_What the task asks_. Beneath this line sits some data. Return only its lines from the one holding "Entonnoir cylindrique en" through the one holding "Home - Santiago", inclusive, exactly, with the images removed.

_Data_.

········

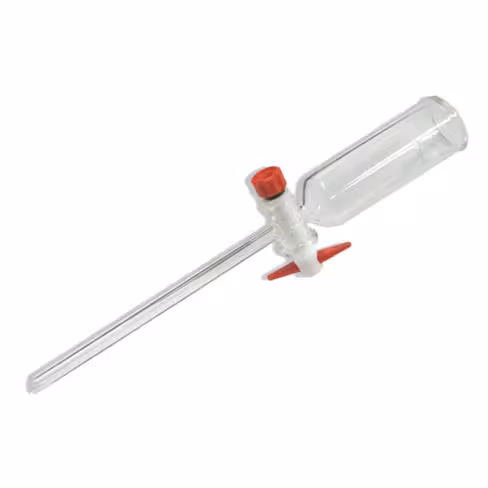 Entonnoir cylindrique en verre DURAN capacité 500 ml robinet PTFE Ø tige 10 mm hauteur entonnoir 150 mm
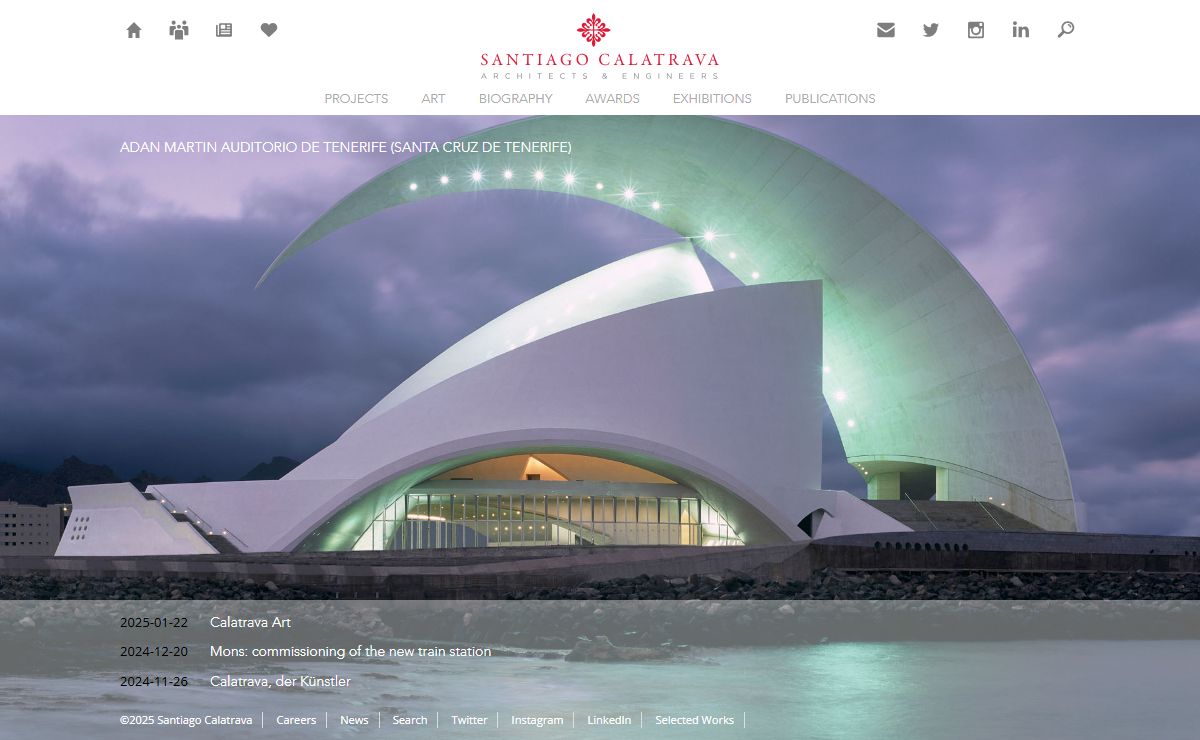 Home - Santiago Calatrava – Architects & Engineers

········

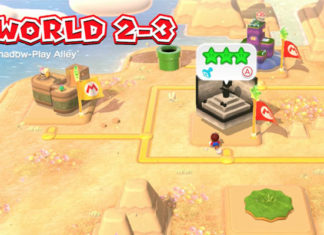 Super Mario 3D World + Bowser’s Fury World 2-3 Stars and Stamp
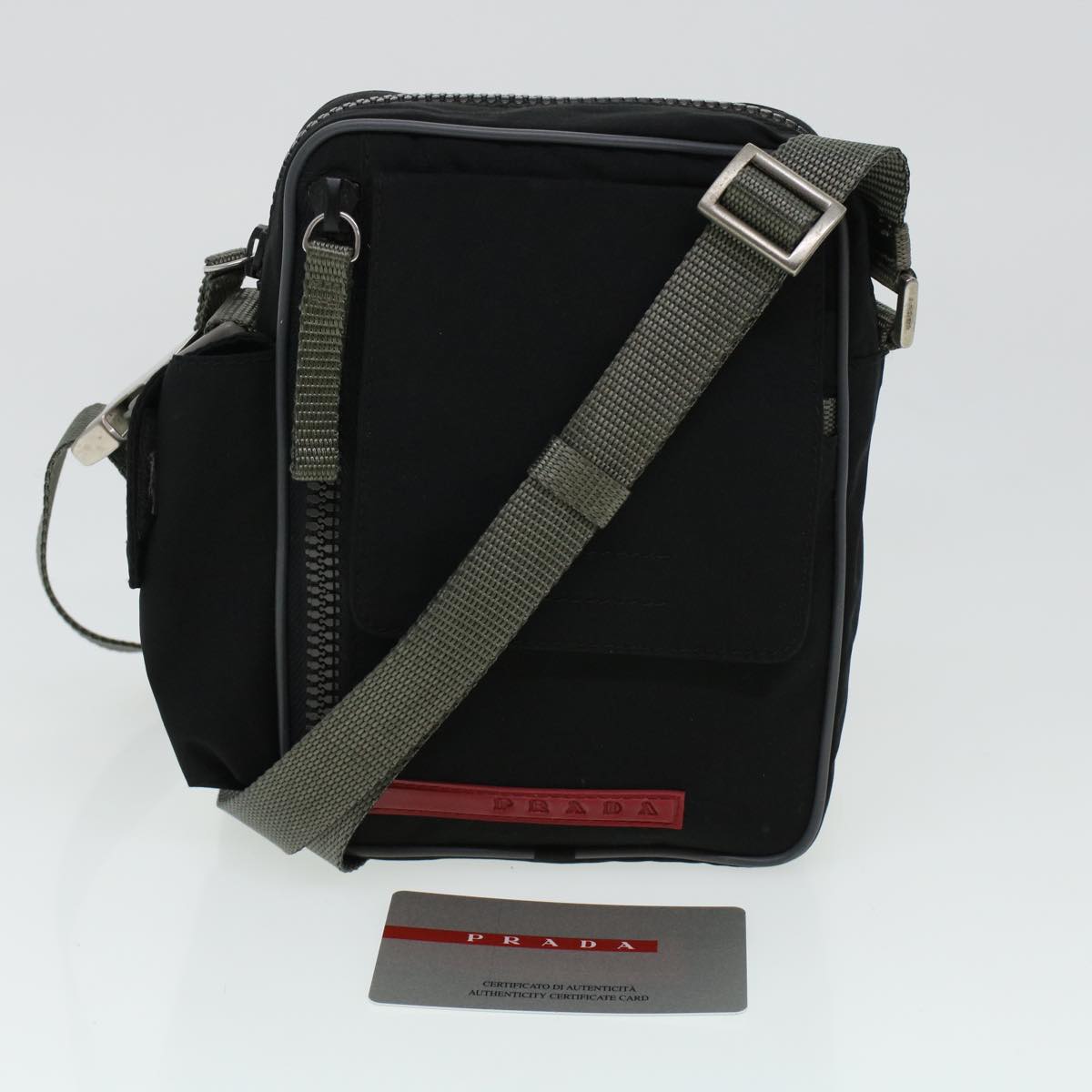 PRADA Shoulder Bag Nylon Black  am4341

········

_Exercise response_.
 Entonnoir cylindrique en verre DURAN capacité 500 ml robinet PTFE Ø tige 10 mm hauteur entonnoir 150 mm
 Home - Santiago Calatrava – Architects & Engineers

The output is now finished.